Issue 2: The DB that wouldn't shrink
Around v1.6.10, a few users mentioned that MacCrab's events database had grown pretty large on their machines. There was a size cap setting in the UI that was supposed to handle this. It turned out the cap was being read but never enforced. A clean case of code that looked done but wasn't connected. v1.6.12 wired it up. Then v1.6.13 noticed that even when it ran, the file on disk wasn't visibly shrinking, because SQLite's write-ahead log was still holding the old pages. A checkpoint pair around the cleanup fixed that. Then v1.6.14 fixed the UI slider that adjusts the cap, which was passing the new value into a config object the daemon never re-read. None of those were big bugs, but together they're a useful reminder that "the feature exists" and "the feature works end-to-end" are different things.

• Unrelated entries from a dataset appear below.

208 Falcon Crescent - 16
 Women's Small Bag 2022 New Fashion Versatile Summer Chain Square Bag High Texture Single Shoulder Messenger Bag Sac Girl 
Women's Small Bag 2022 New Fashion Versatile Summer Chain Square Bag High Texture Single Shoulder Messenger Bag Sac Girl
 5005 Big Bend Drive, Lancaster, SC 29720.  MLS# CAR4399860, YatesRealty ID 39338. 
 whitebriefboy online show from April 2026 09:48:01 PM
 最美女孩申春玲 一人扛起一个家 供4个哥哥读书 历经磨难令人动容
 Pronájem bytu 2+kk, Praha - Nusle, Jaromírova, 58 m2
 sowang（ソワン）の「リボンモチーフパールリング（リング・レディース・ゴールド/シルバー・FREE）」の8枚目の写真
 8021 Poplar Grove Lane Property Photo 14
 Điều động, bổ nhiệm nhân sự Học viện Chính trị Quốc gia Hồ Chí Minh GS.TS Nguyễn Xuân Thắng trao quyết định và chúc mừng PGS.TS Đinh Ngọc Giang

Issue 3: MacCrab kept flagging itself
For a couple of releases the rules picked up on suspicious file-access patterns that turned out to be MacCrab itself doing its job. The detections weren't wrong. They just hadn't learned what their own host looks like. Easy to fix once spotted, and a small reminder that an EDR running on the same machine it's watching itself too.
The pattern underneath
The DB-size and Homebrew-cask issues both rhyme. A thing you've added is in the tree, has a UI surface, and is technically present, but the wire from the surface to the bit that does the work is missing or pointing somewhere else. This turns out to be the kind of bug AI assistance is worst at finding. Both halves of the wire compile and pass their tests in isolation. Nothing looks broken from inside any one file. You only spot the gap when you have the whole thing running on a real machine and notice that the user-visible behaviour disagrees with what the code seems to say. Catching that earlier is the thing I'm trying to learn from this whole stretch. The answer so far is mostly real users on real machines, which is why I'd rather ship early than wait for a clean v1.0. What helps a lot here is that in a past life I was a functional tester and am really trying to dogfood these projects so that they actually work.
Where the project is now
MacCrab is open source under Apache 2.0, ships on Homebrew and as a notarised DMG, and is on a fairly regular release cadence. It's still alpha (something I won't change until the time is right), but it's stable enough that I run it everywhere I can. It plays nicely with the Objective-See suite.
If you do anything risky on a Mac, and most of us do between coding agents, AI dev environments, browser extensions, and the general everything-is-online state of things, it might be useful to you too. If you do try it and something seems off, please tell me. The releases since the alpha have all started life as someone noticing something odd, and that's been the best feedback loop I've had on the whole project.